Souvankham Thammavongsa: I don't know about the country where I'm actually from. My parents are refugees. They built a raft made of bamboo to get to a refugee camp in Thailand. And that's where I was born. When you're born in a refugee camp, you're considered stateless. You belong to no country. So in my stories, none of my characters are sentimental about home. In fact, I build all my stories out of a place that I just referred to with the word here. I don't give readers their bearings. I don't tell them where we are or where we will be. I have no fidelity to home.

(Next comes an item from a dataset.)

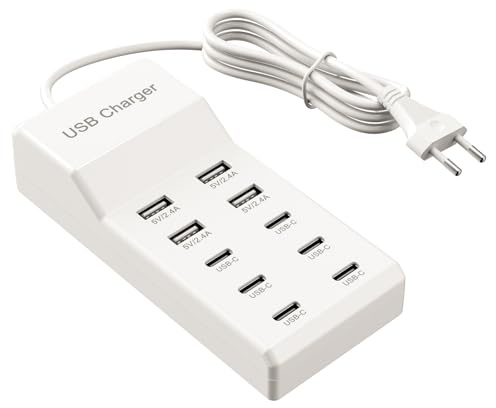 USB-C-Ladestation, Desktop 50W Multi 10 Ports USB Ladegerät Kompatibel mit iPhone 12/13/14/15/16/Galaxy S23/S24/S25/Phones Tablet Watch Kopfhörer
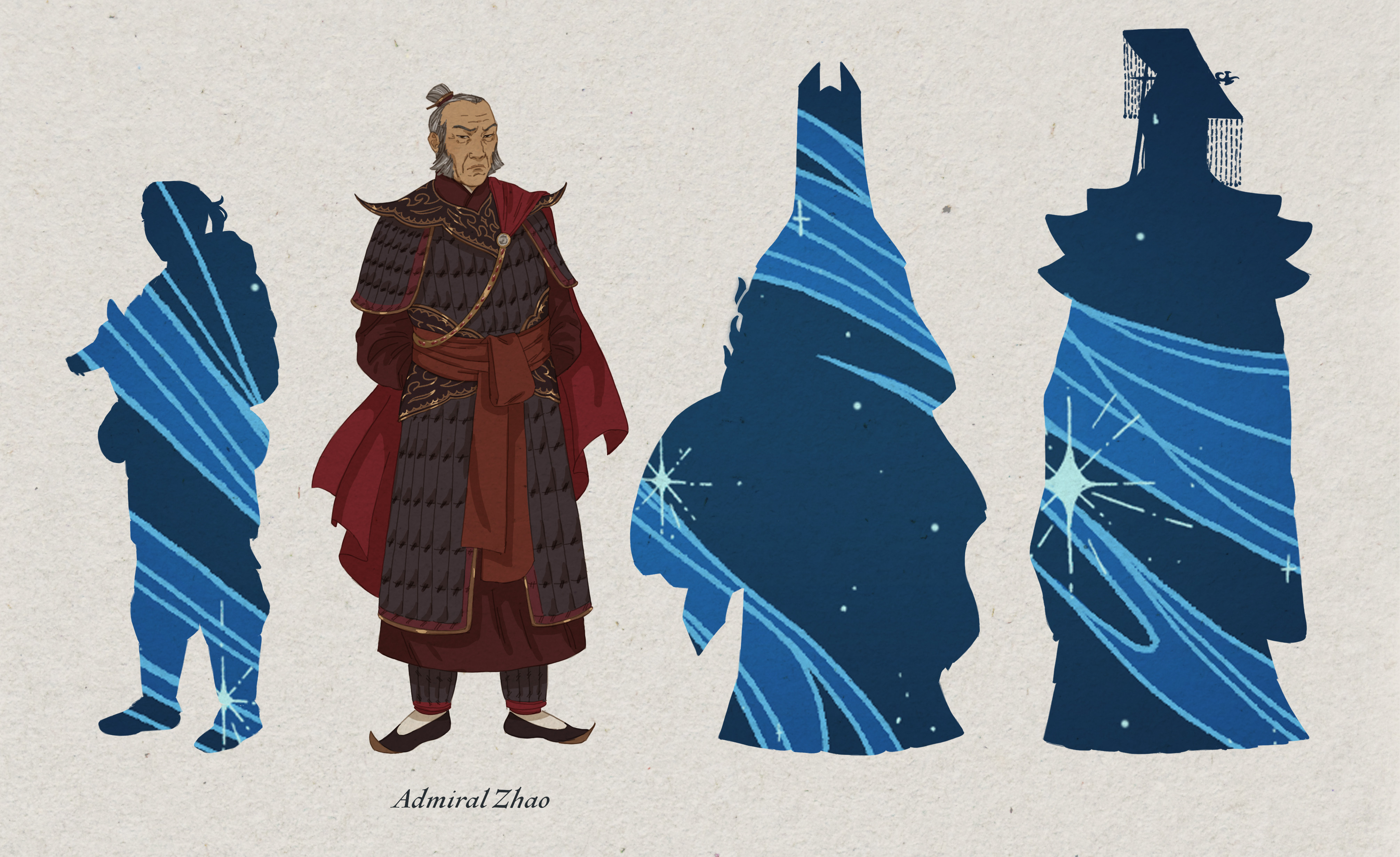 A lineup of four characters. Three are unrevealed silhouettes, with Zhao now displayed. He is an old man with grey whiskers wearing full armour.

Gil Adamson: I was born in downtown Toronto and I've spent so much of my life in a big city. I'm not from out west, but my mother was from Edmonton. I believe, for me anyway, the two places that I can write about are either home, a great big Canadian city, or the place where I really felt free and on my own. I think everybody has that, maybe one or two places where they feel like it's their other home, and they think about it when they're not there. And if you're a writer, you may imagine yourself there. I have intermittently spent time out there and I keep going back, almost obsessively. The research for Ridgerunner and also for The Outlander involved just going out there and actually standing where the characters would have stood.

November 9th is Giller night. How are you going to celebrate?

Shani Mootoo: I have a body of photographs on show in a gallery in Prince Edward County. That was planned for quite a while ago, long before the longlist came out. When the shortlist came out, Colin Moulton, who's the director of the gallery, said to me, 'We have to do it. Socially distanced, yes. Masked, yes, But we have to do it at the gallery. We will organize a really nice little thing with a few of my friends, my agent, my publisher and my partner and two other friends. And we will have fun. This is the fourth novel I've had on the Giller list. And what I know at this point is that you should enjoy it tremendously, right to the end.

Gil Adamson: We're probably just going to open a very nice bottle of wine and say we made it. We made it through the very exciting event and all the events that the Giller has put together for us. And it will be nice.

Souvankham Thammavongsa: I didn't tell anyone. I didn't tell my mom and dad. They don't know what the Giller is. My mom works in a factory and my dad makes signs. They're very far from that. I hope they don't accidentally catch me on TV. I want to spend the night alone. I know in the instructions or the manifest that was sent over, we should spend it with family and people who love us. But you can be a family by yourself. You can be loved by yourself. That's how I'm going to spend it.

Emily St. John Mandel: I don't want to bring anybody down too horribly. Given what the pandemic has been like in New York City, I'm just not comfortable with any kind of gathering indoors. I think it'll just be me and a camera guy on my terrace, which sounds depressing. But you know what? It's such an honour. I'm so happy to have been nominated for this with all of you. It doesn't feel sad to me when I think about that evening.

It's such an honour. I'm so happy to have been nominated for this with all of you. It doesn't feel sad to me when I think about that evening.- Emily St. John Mandel

David Bergen: I have three sons living in Winnipeg with their partners. When this first came out, I wrote them and said it'd be great to get together. This was before Winnipeg started to get high numbers and go with. But I think that'll have to be cancelled. So it'll be my wife and myself. It'll be the two of us, drinking wine. And of course, the cameraman. And I think that should be great fun for him.

This conversation has been edited for clarity and length.